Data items

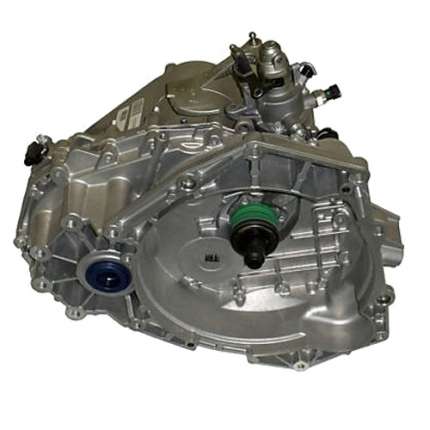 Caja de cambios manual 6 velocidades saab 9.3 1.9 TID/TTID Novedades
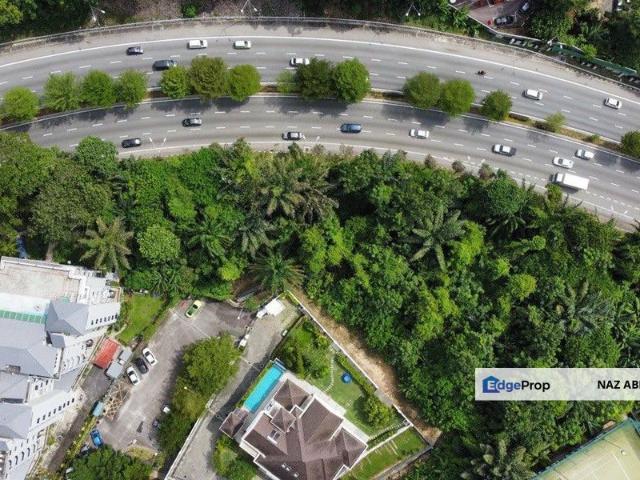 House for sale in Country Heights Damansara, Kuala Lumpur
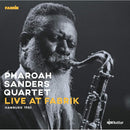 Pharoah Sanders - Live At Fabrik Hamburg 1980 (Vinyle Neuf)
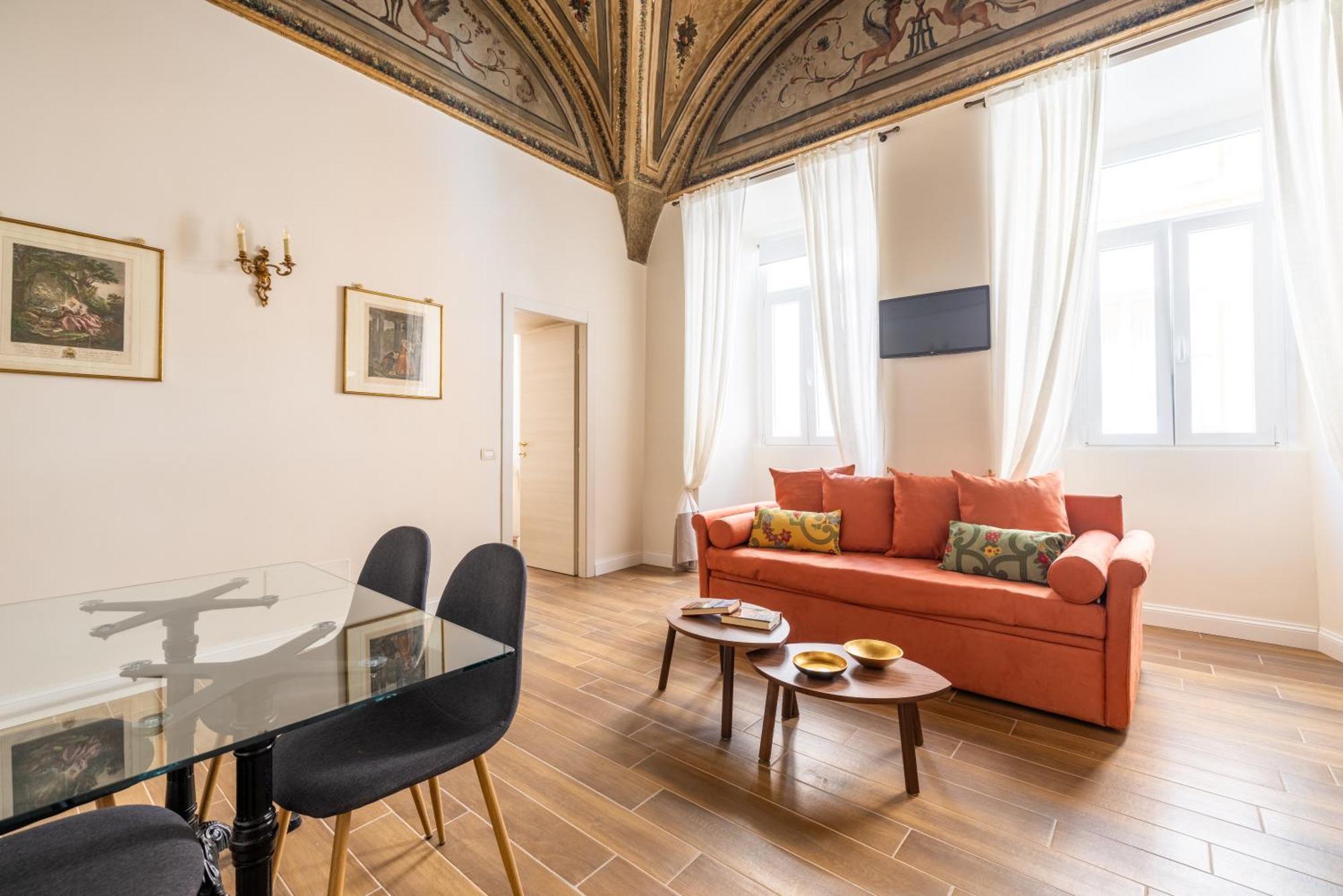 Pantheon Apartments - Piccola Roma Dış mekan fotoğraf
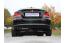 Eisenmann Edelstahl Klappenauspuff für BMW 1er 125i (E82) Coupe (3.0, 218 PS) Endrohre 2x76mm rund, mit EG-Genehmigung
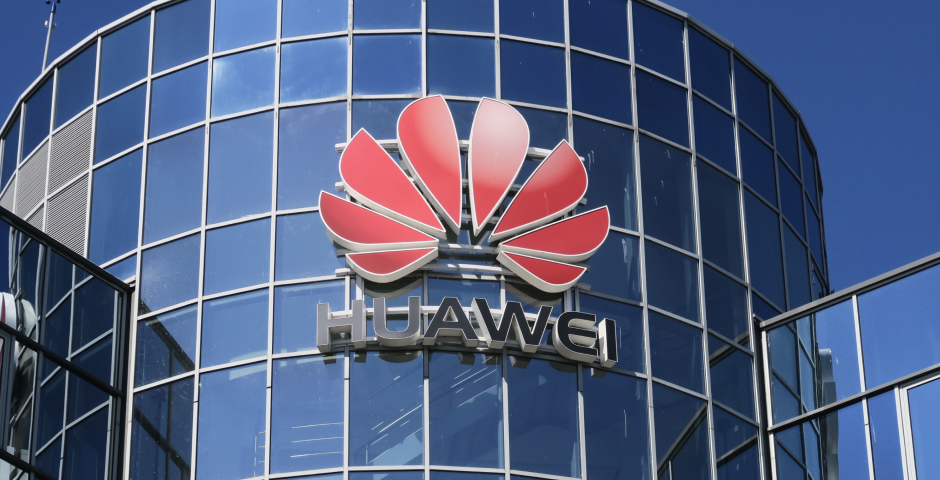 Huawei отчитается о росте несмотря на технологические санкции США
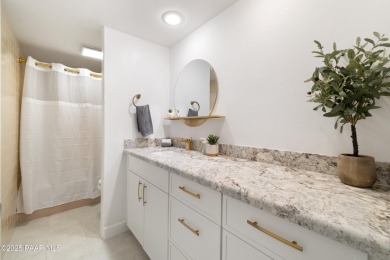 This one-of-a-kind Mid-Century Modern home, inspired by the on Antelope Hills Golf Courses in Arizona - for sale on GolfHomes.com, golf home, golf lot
* * *
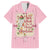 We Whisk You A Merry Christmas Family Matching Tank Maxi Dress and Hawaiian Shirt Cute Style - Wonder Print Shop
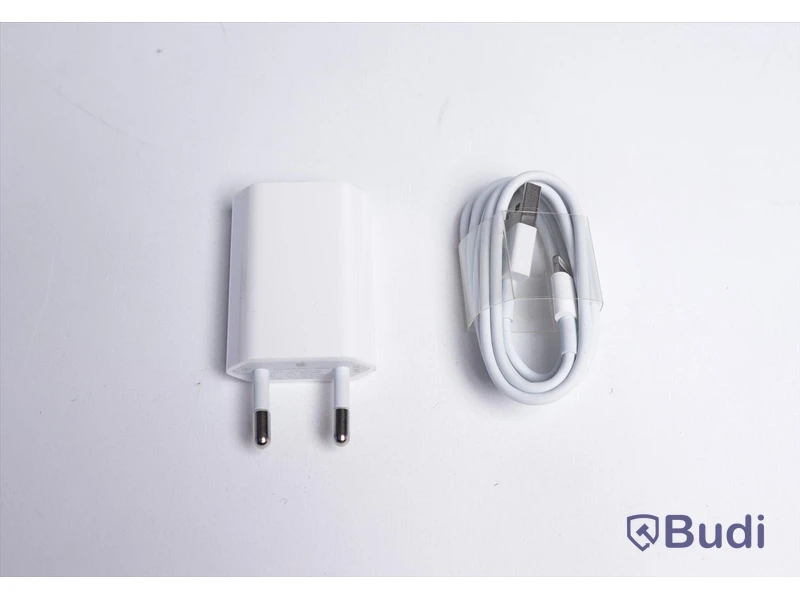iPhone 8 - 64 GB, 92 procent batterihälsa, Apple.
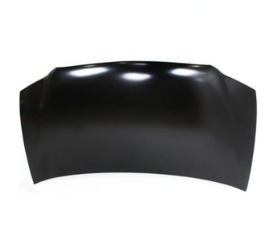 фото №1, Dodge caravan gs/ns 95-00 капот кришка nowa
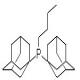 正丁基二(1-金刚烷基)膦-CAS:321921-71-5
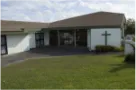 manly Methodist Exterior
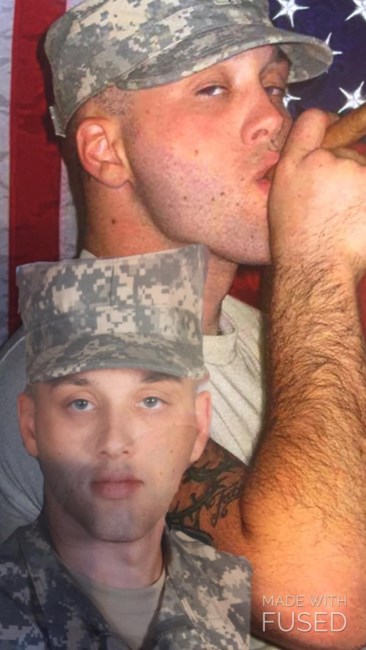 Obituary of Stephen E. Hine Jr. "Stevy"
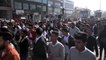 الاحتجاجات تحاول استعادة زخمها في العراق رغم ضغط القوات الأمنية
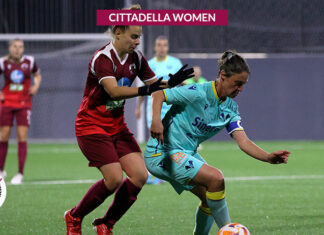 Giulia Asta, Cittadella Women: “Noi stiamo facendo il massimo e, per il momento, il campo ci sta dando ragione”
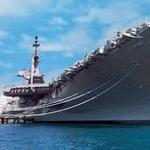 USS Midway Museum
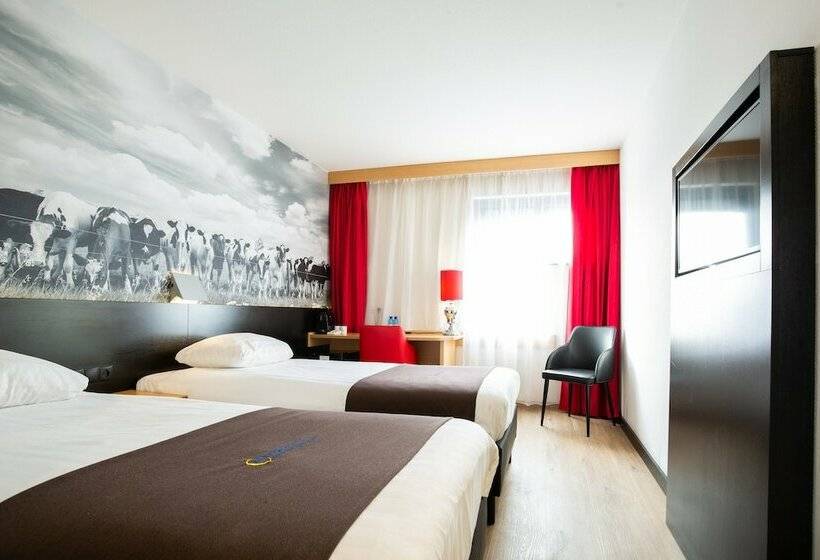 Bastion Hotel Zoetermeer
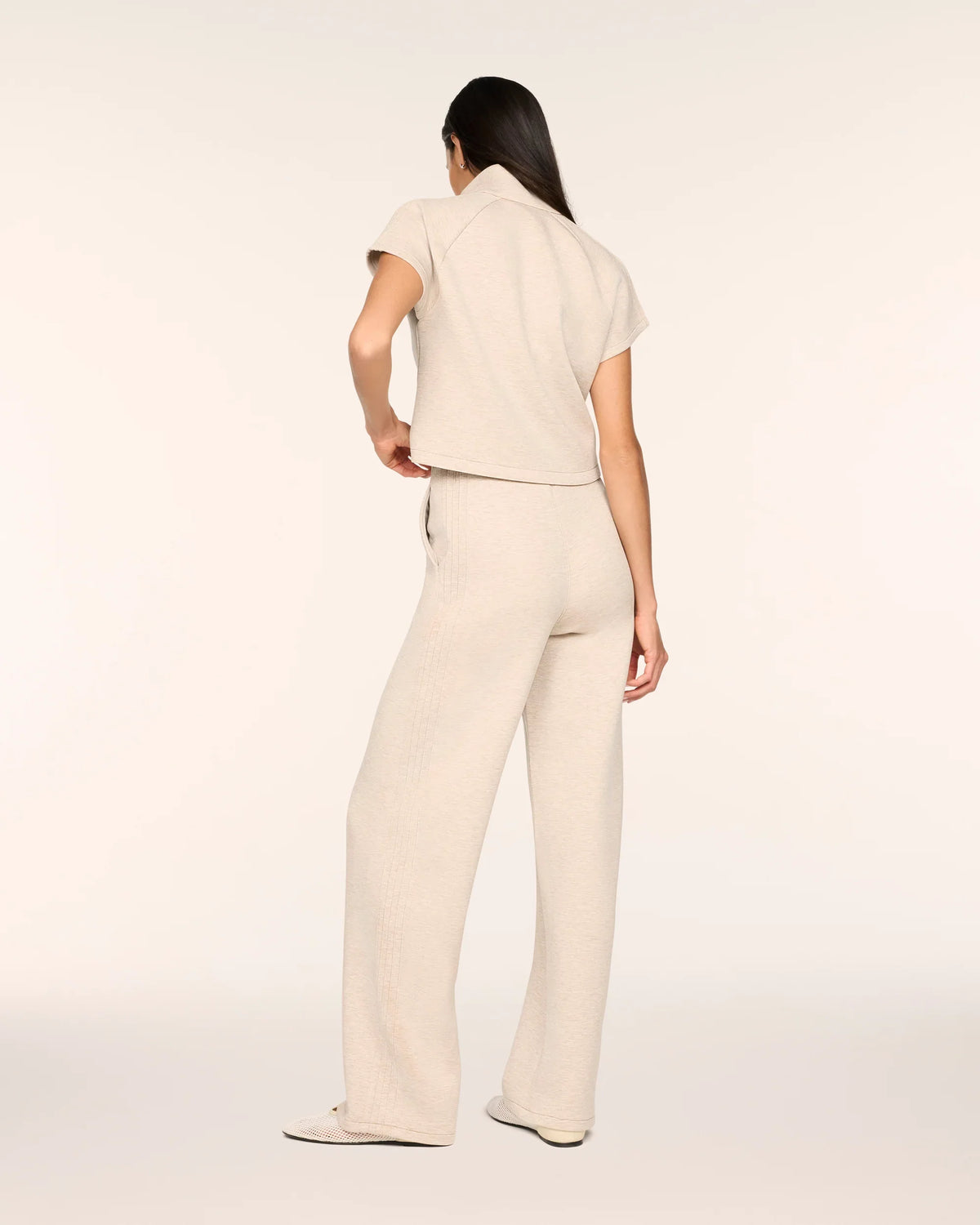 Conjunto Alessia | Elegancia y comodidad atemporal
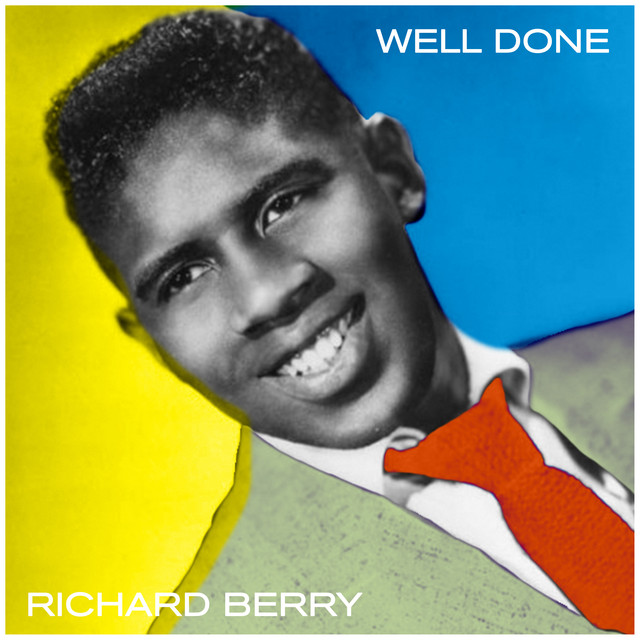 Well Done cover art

▸ **Problem**:
When you reach the line containing "Eisenmann Edelstahl Klappenauspuff" in the entries above, begin restating word for word, and stop once the line containing "This one-of-a-kind Mid-Century" has been given. Omit the pictures.

▸ **Solution below**:
 Eisenmann Edelstahl Klappenauspuff für BMW 1er 125i (E82) Coupe (3.0, 218 PS) Endrohre 2x76mm rund, mit EG-Genehmigung
 Huawei отчитается о росте несмотря на технологические санкции США
 This one-of-a-kind Mid-Century Modern home, inspired by the on Antelope Hills Golf Courses in Arizona - for sale on GolfHomes.com, golf home, golf lot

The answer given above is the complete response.